Uncoded Operation (No Fec) - Comtech EF Data SLM-7650 Installation And Operation Manual

SLM-7650 Satellite Modem
Theory of Operation
4.3.3.5

Uncoded Operation (No FEC)

There are occasions where a user may wish to operate a satellite link with no forward
error correction of any kind. For this reason, the modulator offers this uncoded mode for
three modulation types - BPSK, QPSK and OQPSK. However, the user should be aware
of some of the implications of using this approach.
PSK demodulators have two inherent undesirable features. The first of these is known as
'phase ambiguity', and is due to the fact the demodulator does not have any absolute
phase reference, and in the process of carrier recovery, the demodulator can lock up in
any of K phase states, where K = 2 for BPSK, K = 4 for QPSK/OQPSK. Without the
ability to resolve these ambiguous states there would be a 1-in-2 chance that the data at
the output of the demodulator would be wrong, in the case of BPSK. For QPSK, the
probability would be 3 in 4.
The problem is solved in the case of BPSK by differentially encoding the data prior to
transmission, and then performing the inverse decoding process.
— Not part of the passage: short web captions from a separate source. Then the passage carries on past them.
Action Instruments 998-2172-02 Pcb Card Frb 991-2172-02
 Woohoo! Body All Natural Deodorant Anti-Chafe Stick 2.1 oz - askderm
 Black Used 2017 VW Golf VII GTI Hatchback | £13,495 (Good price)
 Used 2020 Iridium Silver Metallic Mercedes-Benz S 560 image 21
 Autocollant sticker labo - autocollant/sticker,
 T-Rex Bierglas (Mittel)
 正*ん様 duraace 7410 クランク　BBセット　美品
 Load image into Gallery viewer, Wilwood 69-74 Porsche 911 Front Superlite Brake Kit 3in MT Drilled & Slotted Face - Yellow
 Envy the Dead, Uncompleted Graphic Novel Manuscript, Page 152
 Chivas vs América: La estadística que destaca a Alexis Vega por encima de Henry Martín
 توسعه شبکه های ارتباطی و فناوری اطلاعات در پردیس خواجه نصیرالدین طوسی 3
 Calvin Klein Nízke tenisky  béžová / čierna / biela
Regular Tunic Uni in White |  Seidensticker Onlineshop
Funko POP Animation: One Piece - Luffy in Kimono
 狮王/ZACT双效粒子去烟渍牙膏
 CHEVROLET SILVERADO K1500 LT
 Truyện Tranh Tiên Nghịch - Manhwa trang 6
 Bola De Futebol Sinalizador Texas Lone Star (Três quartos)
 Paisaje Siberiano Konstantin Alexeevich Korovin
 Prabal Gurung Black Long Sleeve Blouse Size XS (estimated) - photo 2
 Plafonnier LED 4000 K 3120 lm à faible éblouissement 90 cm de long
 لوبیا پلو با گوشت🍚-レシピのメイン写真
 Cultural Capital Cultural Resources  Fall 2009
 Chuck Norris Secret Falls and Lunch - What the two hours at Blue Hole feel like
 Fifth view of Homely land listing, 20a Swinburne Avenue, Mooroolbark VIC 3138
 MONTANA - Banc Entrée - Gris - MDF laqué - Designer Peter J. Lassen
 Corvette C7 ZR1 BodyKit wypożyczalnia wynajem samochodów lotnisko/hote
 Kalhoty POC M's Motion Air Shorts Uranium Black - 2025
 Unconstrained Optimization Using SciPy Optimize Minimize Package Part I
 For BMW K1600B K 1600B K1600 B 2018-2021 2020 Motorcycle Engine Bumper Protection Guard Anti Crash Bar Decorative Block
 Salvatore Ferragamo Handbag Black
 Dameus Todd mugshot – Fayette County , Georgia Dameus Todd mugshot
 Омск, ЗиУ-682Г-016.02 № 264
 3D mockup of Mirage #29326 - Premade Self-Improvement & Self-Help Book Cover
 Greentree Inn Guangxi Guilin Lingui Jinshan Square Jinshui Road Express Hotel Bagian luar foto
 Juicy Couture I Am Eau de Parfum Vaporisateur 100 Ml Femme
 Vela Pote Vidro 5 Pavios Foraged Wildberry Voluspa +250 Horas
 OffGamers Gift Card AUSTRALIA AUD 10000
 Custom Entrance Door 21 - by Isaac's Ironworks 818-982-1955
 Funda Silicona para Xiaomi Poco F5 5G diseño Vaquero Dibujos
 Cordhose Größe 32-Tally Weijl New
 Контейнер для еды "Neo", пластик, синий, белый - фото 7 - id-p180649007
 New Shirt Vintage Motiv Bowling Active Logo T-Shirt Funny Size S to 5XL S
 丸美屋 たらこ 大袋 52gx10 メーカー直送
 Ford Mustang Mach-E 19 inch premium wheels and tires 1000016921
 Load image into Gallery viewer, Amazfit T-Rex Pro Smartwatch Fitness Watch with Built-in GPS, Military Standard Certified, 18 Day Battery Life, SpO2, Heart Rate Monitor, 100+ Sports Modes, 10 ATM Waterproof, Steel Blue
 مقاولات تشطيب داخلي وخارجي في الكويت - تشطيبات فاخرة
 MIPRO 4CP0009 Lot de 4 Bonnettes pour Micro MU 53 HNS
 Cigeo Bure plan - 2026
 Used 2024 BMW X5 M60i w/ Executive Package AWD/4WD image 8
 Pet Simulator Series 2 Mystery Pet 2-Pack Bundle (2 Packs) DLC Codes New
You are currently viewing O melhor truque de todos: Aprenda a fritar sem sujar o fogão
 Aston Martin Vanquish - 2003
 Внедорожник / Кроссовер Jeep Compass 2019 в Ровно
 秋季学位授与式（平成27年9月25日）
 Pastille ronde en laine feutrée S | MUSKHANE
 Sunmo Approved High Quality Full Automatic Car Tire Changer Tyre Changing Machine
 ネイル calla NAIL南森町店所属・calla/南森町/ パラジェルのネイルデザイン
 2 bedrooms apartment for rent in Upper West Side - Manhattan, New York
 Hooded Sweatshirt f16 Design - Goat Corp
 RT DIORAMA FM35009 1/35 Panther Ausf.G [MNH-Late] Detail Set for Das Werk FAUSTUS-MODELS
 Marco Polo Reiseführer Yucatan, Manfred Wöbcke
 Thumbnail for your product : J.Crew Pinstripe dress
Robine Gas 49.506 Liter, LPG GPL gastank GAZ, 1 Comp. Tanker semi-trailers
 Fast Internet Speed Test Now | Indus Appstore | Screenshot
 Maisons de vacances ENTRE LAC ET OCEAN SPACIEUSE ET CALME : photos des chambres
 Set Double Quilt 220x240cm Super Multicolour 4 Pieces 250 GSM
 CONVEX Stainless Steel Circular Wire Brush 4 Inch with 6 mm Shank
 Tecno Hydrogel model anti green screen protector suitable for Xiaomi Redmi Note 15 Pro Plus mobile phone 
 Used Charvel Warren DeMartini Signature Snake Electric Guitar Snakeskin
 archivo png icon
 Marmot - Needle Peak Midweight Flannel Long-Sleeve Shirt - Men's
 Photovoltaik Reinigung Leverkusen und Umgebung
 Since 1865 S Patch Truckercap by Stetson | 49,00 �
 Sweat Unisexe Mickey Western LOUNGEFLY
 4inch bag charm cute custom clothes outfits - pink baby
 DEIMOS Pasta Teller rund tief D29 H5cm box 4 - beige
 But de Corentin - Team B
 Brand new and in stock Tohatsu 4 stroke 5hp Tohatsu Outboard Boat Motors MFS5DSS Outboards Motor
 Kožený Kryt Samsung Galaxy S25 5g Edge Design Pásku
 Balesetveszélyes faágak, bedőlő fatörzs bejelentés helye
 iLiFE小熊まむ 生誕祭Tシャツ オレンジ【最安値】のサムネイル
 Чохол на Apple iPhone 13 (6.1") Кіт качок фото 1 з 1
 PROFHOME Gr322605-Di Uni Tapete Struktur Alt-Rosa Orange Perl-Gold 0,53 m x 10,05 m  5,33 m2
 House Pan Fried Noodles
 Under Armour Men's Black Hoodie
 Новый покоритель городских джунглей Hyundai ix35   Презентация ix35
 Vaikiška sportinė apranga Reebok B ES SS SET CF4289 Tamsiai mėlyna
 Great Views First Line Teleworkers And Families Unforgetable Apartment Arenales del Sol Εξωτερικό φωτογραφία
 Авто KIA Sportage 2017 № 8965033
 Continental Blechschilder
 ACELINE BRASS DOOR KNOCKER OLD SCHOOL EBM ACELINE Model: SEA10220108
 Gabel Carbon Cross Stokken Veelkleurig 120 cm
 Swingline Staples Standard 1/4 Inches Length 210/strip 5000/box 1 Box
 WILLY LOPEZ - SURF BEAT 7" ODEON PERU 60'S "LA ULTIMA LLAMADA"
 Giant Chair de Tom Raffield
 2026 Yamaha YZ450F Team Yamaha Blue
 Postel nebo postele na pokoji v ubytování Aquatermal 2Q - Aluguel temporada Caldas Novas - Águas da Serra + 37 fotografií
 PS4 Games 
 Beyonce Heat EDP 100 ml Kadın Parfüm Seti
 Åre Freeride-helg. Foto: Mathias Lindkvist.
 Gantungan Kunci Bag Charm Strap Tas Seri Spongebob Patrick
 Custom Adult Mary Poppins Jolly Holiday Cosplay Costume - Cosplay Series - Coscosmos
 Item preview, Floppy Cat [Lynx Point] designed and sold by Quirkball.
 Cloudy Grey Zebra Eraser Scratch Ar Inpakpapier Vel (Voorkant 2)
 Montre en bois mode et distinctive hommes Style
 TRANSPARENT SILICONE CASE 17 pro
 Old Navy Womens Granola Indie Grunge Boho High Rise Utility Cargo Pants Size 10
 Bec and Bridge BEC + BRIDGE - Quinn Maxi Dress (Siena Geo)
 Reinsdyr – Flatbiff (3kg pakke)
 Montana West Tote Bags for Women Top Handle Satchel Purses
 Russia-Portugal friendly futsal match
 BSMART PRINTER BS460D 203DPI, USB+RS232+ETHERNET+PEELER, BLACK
This is a very simple
process, but has the disadvantage that it doubles the receive BER. For every bit error the
demodulator produces, the differential decoder produces two.
The problem for QPSK is more complex, as there are 4 possible lock states, leading to 4
ambiguities. When FEC is employed, the lock state of the FEC decoder can be used to
resolve two of the four ambiguities, and the remaining two can be resolved using serial
differential encoding/decoding. However, when no FEC is being used, an entirely
different scheme must be used. Therefore, in QPSK, a parallel differential
encoding/decoding technique is used, but has the disadvantage that it again doubles the
receive BER.
OQPSK is a different situation again, where the ambiguities result not only from not
having an absolute phase reference, but also not knowing which of the two parallel paths
in the demod, I or Q, contains the half-symbol delay. Another type of differential
encoding is used, but yet again the error rate is doubled, compared to ideal.
The second problem inherent in PSK demodulators is that of 'data false locking'.
When data at a certain symbol rate is used to modulate the carrier, the demodulator can
lock at incorrect frequencies, spaced at intervals of one-quarter of the symbol rate away
from the carrier. Fortunately, when FEC decoding is used, the decoder synchronization
state can be used to verify the correct lock point has been achieved, and to reject the false
locks. However, if uncoded operation is used, there is no way to recognize a data false
lock. The demodulator will indicate that it is correctly locked, but the data out will not be
correct.
Comtech EF Data strongly cautions users when using uncoded operation. If the
acquisition sweep width exceeds one quarter of the symbol rate, there is a very
high probability that the demodulator will false lock.
CAUTION
As an example, if 64 kbps QPSK uncoded is used, the symbol rate will be half of this
rate, or 32 ksymbols/second. One quarter of this equals 8 kHz. Therefore, the absolute
maximum acquisition sweep range, which should be considered, is +/- 8 kHz. If there is
any frequency uncertainty on the incoming carrier, this should be subtracted from the
sweep width. The problem becomes progressively better with increasing symbol rate.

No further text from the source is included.